Canadian-born space entrepreneur

Robert D. Richards is a Canadian-born space entrepreneur. He is co-founder and CEO of Moon Express, Inc., a U.S. company partnered with NASA and developing robotic spacecraft to provide low cost access to the Moon for science, exploration and commerce. He is also the founder and former CEO of Odyssey Moon Limited, an Isle of Man based commercial lunar enterprise and the first official contender in the $30M Google Lunar X PRIZE competition. From 2002-2009 he was the founding Director of the Space Division at Optech Incorporated, providing advanced lidar systems for spacecraft operations and planetary exploration, including NASA's Mars Phoenix Lander and OSIRIS-REx missions.

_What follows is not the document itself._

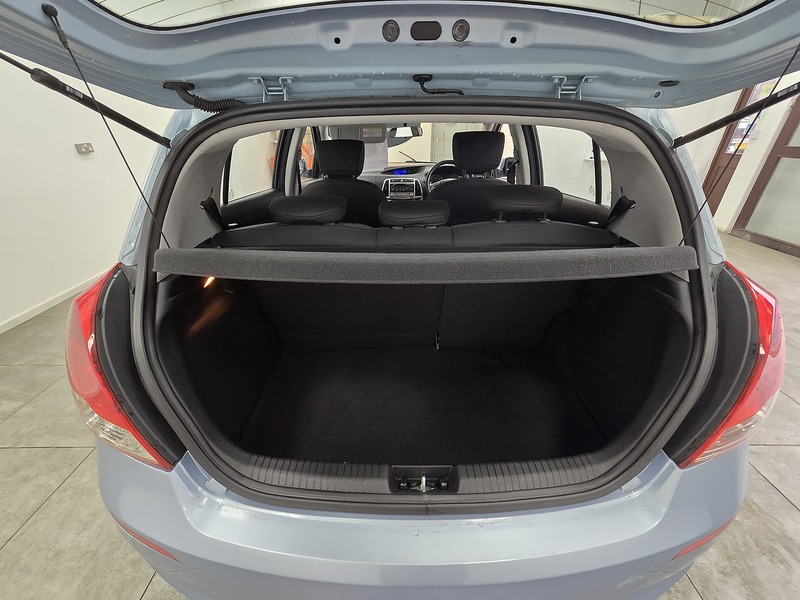 Used Hyundai i20 2012 for sale - 76946785: Photo 14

In 1987 Robert Richards founded the International Space University (ISU) together with Todd B. Hawley and Peter Diamandis and he served as the university's first Associate Administrator for Strategic Planning. He chaired the board's administrative and strategic planning committees during ISU's first phase of development. In 2005 Robert Richards received a Doctorate of Space Achievement (honoris causa) from the International Space University for "distinguished accomplishments in support of humanity's exploration and use of space."

Robert Richards co-founded the Students for the Exploration and Development of Space (SEDS) as a student together with Todd B. Hawley and Peter Diamandis in the 1980s. After coining the term "Space Generation", symbolizing a common bond among people born since the beginning of the space age, Robert Richards also co-founded the Space Generation Foundation with Hawley and Diamandis, now succeeded by the Space Generation Advisory Council.

In 2008 Robert Richards joined Peter Diamandis, Ray Kurzweil and others in the founding of Singularity University, an institution based at the NASA Research Park in Silicon Valley, California, focused on graduate and executive level education about exponentially advancing technologies. Robert Richards remains an active supporter of these organizations.